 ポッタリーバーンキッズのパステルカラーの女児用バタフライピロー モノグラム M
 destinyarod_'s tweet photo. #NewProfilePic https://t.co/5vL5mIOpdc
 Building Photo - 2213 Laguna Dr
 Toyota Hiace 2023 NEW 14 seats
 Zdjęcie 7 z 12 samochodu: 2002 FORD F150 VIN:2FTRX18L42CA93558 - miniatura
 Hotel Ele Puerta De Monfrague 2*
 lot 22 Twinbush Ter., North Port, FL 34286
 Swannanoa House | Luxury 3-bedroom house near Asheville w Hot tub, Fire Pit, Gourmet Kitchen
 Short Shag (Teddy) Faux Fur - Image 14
==
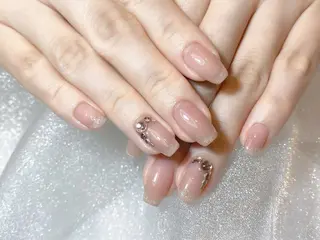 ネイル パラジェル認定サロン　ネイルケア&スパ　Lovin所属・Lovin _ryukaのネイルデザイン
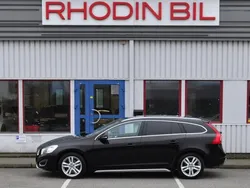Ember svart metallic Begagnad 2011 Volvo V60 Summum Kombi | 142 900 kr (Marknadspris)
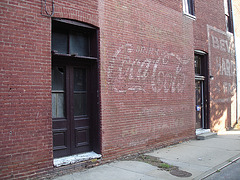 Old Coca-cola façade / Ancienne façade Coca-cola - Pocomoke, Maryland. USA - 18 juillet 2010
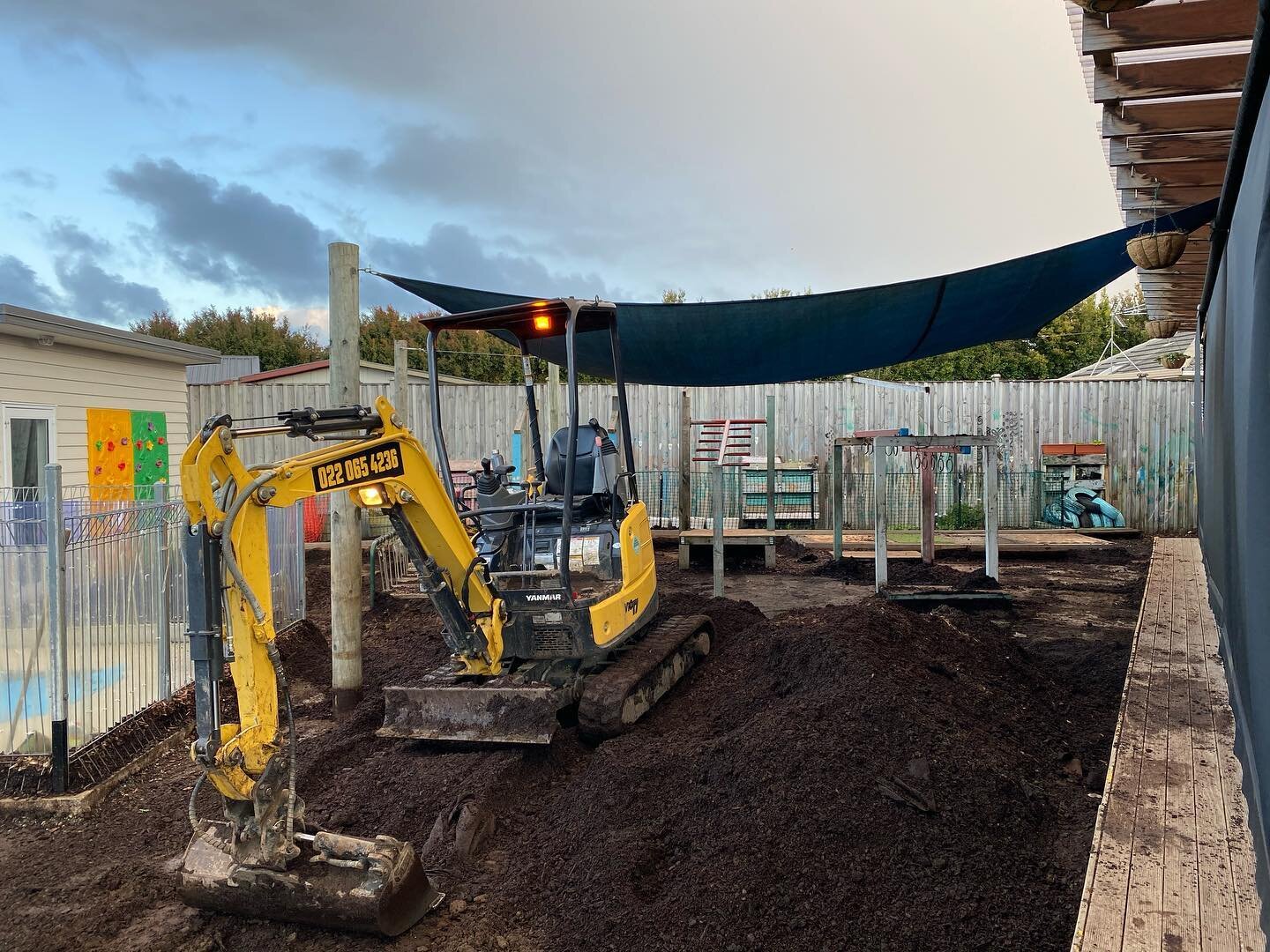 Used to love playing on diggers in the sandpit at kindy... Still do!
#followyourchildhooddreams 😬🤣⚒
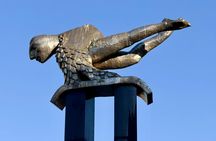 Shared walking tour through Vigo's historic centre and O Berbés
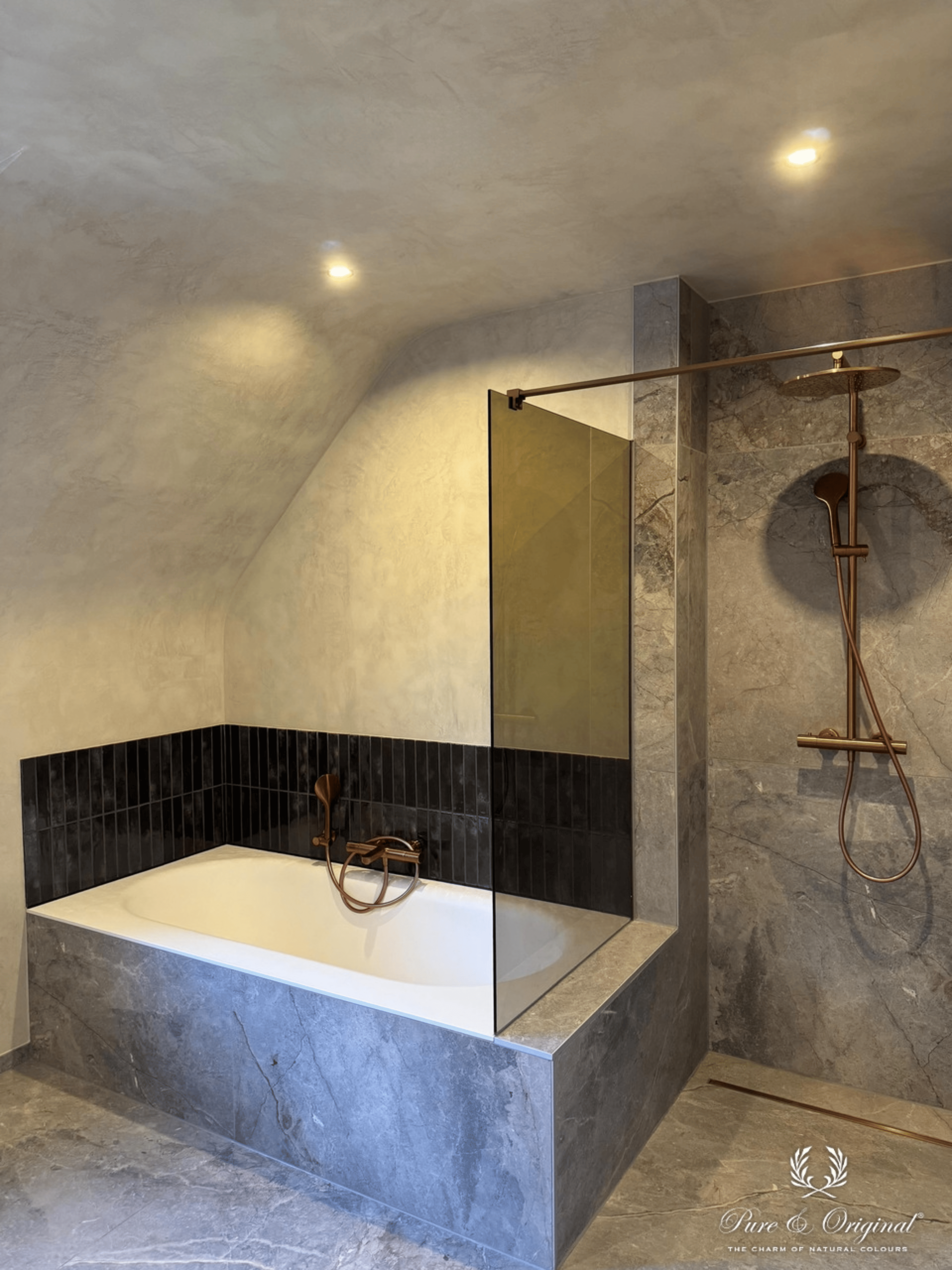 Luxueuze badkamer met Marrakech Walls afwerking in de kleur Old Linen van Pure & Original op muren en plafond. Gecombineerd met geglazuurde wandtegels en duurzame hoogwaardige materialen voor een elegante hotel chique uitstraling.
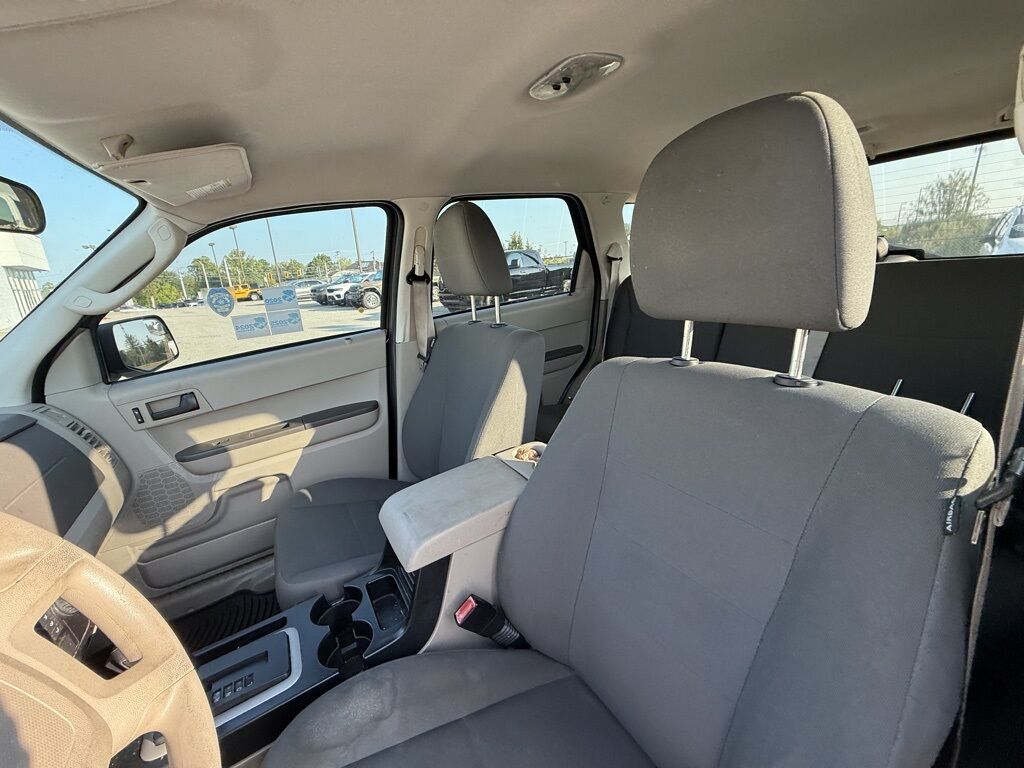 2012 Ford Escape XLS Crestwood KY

→ **What is being asked**
Using the entries above, return exactly the lines from the line with "Toyota Hiace 2023 NEW 14 seats" to the line with "Short Shag (Teddy) Faux Fur - Image 14", counting both of those lines.

→ **Answer section**
 Toyota Hiace 2023 NEW 14 seats
 Zdjęcie 7 z 12 samochodu: 2002 FORD F150 VIN:2FTRX18L42CA93558 - miniatura
 Hotel Ele Puerta De Monfrague 2*
 lot 22 Twinbush Ter., North Port, FL 34286
 Swannanoa House | Luxury 3-bedroom house near Asheville w Hot tub, Fire Pit, Gourmet Kitchen
 Short Shag (Teddy) Faux Fur - Image 14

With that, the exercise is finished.